23 September 2016 #Employment
BBC World Service Journalist Chandana Bandara was issued with a final written warning following his refusal to prioritise a news report on the birth of Prince George over one on the anniversary of ‘Black July’ (concerning the massacre of Tamils in Sri Lanka). A year later Mr Bandara was dismissed, in reliance on the final written warning, for further acts of misconduct.
The Employment Tribunal concluded that his final written warning had been too severe considering his previous 18 years unblemished service. As this was relied upon to justify his dismissal a year later, the dismissal was unfair. However, the Tribunal reduced Mr Bandara’s award significantly to account for contributory fault. Mr Bandara’s additional claim of discrimination did not succeed with the tribunal finding that his support for Sri Lankan Tamils was too ‘local’ and ‘limited’ to constitute a philosophical belief under the Equality Act.

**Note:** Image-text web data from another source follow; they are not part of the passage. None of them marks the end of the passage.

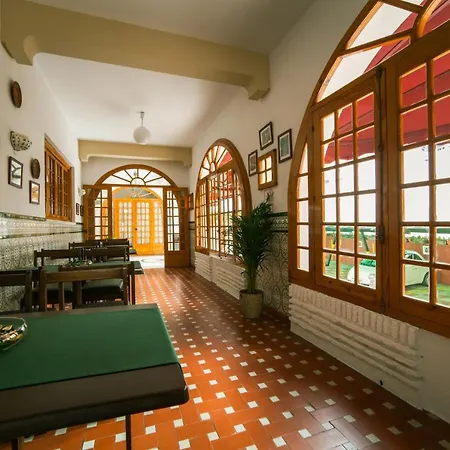 Regio 2 Hotel Cádiz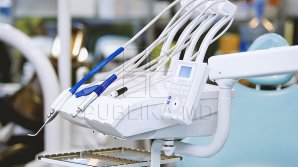 Жителя Бельц задержали во время ограбления стоматологического кабинета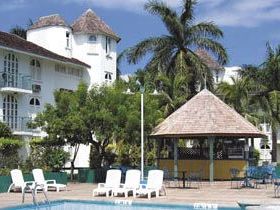 Sandcastles Beach Resort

This case highlights the importance of proportionate sanctions and the dangers employers can face in relying on existing warnings. Employers are, of course, entitled to consider previous live warnings relating to similar conduct when disciplining an employee and it would be impractical for an employer to seek to re-investigate past disciplinary offences to check that they warranted the sanction imposed. However, employers should, at least, put their mind to whether there are any potential challenges to that sanction if they are seeking to rely on it to dismiss.